Cut out TV and do a really structured set of tasks. Structured tasks, as in "We're going to drawing now until the big hand gets to the number 4". Talk, listen, and get their buy in. Point out when they've enjoyed something that they've stuck at for a period of time, even if it's a short time. Ask them how they feel when they are bored. "Do you feel happy right now?"

Sciencey bit:

Studies show (I would cite, but there is so much that Google throws up I don't need to) that TV reduces attention span in children. Neil Postman, in "The Disappearance of Childhood" expounds the reasons for this very well. TV is not an interactive medium, at all. It requires the watcher to be passive and non-proactive. Children especially can spend hours watching TV that's well outside their realm of understanding, neither remembering nor processing any of it.

Personal Experience Bit:

When my kids go to grandmas, they will watch upwards of 6 hours of TV a day. (Grandma won't admit to this, but unfortunately it's the truth). They are only awake for 13 hours a day as they are little. When they come back, they are unable to play independently, unable to focus on tasks and have their creativity shot to pieces. It takes a good few days of lots of structured tasks, interaction etc to get them back to where they were before, being the beautiful, creative creatures that all children are.

As for the structured tasks, I've been encouraged to do this when we babysit a child who has had a tough upbringing and finds it difficult to focus on anything due to trauma. Very structured timetables work very well for them and they enjoys playing like that.

Disclaimer:

I'm not saying TV is entirely to blame. It may be nothing at all and you may only let them watch 40 mins a day. Experts from the TRC have found that sometimes children can't focus on things due to experiences that they've had, things that have happened to them, maybe at school or something, that have not been good.
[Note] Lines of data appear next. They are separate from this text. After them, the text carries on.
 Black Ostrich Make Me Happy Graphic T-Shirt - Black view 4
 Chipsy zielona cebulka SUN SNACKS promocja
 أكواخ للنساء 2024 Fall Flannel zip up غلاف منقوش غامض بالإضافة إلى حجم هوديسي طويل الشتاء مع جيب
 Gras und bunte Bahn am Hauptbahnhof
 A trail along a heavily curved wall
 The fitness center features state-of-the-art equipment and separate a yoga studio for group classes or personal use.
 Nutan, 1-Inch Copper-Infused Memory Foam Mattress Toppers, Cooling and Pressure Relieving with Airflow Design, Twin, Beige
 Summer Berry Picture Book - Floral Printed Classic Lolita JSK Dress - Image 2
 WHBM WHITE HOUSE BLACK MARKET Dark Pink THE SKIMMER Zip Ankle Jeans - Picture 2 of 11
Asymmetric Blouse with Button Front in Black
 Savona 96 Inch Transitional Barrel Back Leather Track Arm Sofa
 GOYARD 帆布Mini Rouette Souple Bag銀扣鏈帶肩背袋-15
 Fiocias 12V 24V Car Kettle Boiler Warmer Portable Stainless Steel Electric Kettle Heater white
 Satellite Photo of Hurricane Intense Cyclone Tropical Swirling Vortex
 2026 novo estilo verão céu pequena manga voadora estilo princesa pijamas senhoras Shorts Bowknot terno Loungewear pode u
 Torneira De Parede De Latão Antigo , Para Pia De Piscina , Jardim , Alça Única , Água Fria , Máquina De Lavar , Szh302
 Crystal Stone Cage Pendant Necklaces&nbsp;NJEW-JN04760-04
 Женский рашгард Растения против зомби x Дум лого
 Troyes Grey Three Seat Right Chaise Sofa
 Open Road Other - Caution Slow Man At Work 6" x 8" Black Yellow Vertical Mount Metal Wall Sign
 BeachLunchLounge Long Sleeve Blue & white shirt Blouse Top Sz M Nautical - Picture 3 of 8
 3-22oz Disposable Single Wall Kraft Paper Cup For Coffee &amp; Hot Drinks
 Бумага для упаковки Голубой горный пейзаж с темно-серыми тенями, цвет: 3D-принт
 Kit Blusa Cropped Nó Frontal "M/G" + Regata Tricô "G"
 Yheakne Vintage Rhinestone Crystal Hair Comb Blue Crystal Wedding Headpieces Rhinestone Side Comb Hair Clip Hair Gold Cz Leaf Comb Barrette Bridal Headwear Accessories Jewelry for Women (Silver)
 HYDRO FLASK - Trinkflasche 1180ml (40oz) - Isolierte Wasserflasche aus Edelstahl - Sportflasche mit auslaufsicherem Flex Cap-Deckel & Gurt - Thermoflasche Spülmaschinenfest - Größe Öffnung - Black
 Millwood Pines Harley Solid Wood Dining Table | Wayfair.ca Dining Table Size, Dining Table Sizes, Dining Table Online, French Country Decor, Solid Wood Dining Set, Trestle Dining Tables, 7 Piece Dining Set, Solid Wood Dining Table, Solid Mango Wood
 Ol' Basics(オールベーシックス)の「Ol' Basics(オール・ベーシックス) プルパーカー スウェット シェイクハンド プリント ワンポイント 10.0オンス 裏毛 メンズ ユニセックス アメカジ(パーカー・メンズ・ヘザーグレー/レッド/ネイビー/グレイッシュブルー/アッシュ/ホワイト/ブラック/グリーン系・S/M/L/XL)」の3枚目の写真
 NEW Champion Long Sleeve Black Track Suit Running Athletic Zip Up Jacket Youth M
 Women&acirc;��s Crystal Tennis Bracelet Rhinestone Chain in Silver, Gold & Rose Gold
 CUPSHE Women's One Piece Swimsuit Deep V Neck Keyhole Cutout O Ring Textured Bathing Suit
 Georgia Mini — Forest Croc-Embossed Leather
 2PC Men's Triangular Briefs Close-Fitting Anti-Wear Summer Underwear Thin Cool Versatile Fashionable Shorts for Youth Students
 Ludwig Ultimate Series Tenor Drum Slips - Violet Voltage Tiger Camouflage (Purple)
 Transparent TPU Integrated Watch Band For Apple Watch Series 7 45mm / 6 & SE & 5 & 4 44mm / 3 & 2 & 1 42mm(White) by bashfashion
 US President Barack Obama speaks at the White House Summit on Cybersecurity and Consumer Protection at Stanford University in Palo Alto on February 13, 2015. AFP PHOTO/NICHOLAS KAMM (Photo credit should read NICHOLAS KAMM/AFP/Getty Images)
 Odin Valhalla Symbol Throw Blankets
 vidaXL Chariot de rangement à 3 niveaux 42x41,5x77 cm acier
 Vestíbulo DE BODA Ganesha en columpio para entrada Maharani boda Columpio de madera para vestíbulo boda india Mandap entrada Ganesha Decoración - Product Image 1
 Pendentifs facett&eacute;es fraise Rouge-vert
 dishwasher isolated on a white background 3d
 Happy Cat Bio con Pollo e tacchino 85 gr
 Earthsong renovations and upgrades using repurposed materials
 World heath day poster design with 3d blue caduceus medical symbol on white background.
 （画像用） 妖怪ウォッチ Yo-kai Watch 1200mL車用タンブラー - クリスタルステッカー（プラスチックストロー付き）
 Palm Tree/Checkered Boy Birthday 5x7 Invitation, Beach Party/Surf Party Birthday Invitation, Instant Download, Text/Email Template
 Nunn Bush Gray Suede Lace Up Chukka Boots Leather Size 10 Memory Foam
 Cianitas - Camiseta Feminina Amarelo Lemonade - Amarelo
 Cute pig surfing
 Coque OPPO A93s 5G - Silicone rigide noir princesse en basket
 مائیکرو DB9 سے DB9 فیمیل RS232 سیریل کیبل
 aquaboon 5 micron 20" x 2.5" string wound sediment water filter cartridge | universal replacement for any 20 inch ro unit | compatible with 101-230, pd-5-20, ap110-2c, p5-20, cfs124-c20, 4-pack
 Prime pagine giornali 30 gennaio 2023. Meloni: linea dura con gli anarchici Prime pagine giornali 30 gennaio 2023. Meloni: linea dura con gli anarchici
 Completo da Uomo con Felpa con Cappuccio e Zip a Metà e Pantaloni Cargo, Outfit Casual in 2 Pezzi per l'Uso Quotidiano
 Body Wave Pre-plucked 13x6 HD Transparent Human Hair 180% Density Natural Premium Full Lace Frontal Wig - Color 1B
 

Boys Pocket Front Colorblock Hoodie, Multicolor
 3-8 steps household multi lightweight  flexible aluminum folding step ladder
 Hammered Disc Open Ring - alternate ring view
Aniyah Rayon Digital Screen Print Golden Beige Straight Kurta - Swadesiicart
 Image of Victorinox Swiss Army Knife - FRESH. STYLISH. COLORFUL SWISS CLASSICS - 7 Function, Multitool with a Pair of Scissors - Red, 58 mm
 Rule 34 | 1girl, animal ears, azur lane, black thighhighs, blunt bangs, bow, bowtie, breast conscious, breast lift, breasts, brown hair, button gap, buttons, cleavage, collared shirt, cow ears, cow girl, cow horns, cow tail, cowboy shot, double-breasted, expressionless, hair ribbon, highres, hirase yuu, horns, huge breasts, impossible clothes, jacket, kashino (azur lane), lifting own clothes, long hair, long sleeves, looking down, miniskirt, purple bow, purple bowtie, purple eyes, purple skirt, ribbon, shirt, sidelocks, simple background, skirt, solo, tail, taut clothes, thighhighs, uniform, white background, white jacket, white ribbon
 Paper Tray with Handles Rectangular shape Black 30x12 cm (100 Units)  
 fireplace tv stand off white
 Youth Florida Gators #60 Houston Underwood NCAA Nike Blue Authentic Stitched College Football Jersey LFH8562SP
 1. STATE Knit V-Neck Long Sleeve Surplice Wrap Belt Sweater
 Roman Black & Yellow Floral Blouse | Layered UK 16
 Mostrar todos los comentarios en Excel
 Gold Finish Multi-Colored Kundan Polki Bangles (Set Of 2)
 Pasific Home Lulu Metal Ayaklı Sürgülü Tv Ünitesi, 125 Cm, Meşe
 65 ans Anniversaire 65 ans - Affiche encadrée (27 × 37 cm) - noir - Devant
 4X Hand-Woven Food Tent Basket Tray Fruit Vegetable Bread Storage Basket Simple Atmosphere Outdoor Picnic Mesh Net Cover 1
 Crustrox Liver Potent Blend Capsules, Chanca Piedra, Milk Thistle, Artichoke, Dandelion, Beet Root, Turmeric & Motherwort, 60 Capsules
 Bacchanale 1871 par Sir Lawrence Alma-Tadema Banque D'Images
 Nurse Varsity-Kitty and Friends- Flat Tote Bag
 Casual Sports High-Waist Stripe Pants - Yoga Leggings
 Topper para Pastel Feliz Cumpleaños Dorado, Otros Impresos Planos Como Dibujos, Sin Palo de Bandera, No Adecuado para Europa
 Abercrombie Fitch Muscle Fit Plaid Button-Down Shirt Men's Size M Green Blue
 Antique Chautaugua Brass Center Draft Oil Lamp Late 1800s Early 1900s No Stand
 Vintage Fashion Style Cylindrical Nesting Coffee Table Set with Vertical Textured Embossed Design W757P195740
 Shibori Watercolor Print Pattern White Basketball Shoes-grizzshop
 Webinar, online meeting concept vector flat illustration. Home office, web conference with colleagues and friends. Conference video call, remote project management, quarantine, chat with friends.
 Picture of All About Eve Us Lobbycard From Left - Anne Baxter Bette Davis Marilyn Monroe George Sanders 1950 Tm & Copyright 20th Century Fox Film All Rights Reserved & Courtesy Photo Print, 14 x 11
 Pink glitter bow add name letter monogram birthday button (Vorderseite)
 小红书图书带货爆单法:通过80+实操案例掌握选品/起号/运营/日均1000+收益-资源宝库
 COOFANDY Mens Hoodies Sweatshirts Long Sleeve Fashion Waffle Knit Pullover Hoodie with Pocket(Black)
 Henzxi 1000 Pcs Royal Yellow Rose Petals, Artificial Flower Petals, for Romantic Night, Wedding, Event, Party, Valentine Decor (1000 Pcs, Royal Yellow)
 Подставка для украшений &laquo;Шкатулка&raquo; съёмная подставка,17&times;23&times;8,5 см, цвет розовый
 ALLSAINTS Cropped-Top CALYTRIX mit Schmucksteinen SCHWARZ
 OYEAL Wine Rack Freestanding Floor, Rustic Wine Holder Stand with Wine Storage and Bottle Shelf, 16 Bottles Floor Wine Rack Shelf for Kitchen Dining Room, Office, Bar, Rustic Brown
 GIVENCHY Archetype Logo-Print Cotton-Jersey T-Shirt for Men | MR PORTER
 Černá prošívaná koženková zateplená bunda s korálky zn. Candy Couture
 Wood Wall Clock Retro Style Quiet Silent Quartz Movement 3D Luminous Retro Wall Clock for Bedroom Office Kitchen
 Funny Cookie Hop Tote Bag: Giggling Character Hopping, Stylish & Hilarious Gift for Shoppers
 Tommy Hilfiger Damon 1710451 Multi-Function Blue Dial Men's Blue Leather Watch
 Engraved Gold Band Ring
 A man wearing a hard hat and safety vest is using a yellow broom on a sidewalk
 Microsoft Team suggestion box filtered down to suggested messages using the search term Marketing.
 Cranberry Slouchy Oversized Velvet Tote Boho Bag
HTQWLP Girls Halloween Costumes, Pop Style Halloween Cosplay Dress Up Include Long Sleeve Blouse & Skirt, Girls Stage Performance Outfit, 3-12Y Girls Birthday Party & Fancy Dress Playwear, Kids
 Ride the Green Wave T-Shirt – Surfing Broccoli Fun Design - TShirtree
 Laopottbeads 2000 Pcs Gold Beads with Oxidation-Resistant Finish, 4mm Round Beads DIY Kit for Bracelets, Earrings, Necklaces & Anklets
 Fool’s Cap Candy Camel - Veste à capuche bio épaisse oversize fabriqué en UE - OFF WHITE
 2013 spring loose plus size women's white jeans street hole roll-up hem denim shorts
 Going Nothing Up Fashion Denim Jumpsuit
What I will firmly say though is please don't write this off as ADHD and med your child up. There is a reason there are entire countries in the developed Western world that do not think that ADHD is actually a real condition, and that most cases are caused by trauma which will not medicate away.

This is not meant to at all accuse, but help. If it is trauma, then there are many sources and most are not in the home. It could actually just be boredom and she'll grow out of it when she finds something that interests her.